Understanding False Beliefs as a Stimulus for Creative Thinking

Authors

Johannes Brandl

Affiliation: University of Salzburg

Category: Philosophy

Keywords: creativity, false belief task, pretend play, divergent thinking, cognitive development

Schedule & Location

Date: Wednesday 3rd of September

Time: 15:30

Location: Room 232 (232)

View the full session: Creativity

Abstract

Research on children's cognitive development has identified several factors that may have a positive or negative impact on their creativity (see Russ & Fiorelli 2010; Beloyianni et. al. 2024). In this talk, I will reflect on these findings by focusing on two promising lines of research: On the one hand, studies of pretend play provide insights into creative imagination (see Carruthers 2002, Chylińska and Gut 2020). On the other hand, an increase in divergent thinking has been linked to success in explicit false belief tasks (Suddendorf & Fletcher-Flinn 1997, 1999; Bijvoet van den Gerg & Hoicka 2014).
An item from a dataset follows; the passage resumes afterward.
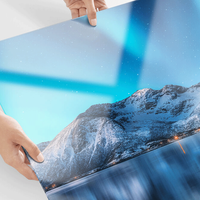 Feuilles d'acrylique découpées au laser de forme personnalisée, épaisseur 3 mm/5 mm, surface UV, imperméable, décoration publicitaire économique pour les pièces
Given the age difference between early pretend play at around 2 years of age and success in explicit false belief tasks at around 4 years of age, a plausible hypothesis is that false belief understanding provides a kind of boost to creative thinking. But how exactly should we understand this hypothesis? How might false belief understanding enhance our creative powers?
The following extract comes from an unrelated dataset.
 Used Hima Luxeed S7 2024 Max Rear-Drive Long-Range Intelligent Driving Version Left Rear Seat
To explore this question, I will draw on the "minimal theory of creative ability" (MTCA) proposed by Stevenson et al. 2021. In their view, an increase in creativity could be explained as an increase in intelligence or an increase in expertise (or both). I will first outline these two possible ways of fleshing out the hypothesis that false belief understanding enhances creative thinking, and then consider how to decide between these two options.

  1. A Minimal Theory of Creativity

Stevenson et al. propose their theory with the goal of measuring individual differences in creative ability at all levels. By considering an ability to be creative if its results are original and useful in some way, they hope to measure the creativity needed to solve a soduko (mini-c creativity) as well as to make great leaps in art or science (big-c creativity). What makes their theory minimal is the idea that at no point do we need to appeal to a "special creative talent or ability, nor is there a specialized (brain) area for being creative" (Stevenson et. al., p. 4). Only two things are needed: intelligence and expertise.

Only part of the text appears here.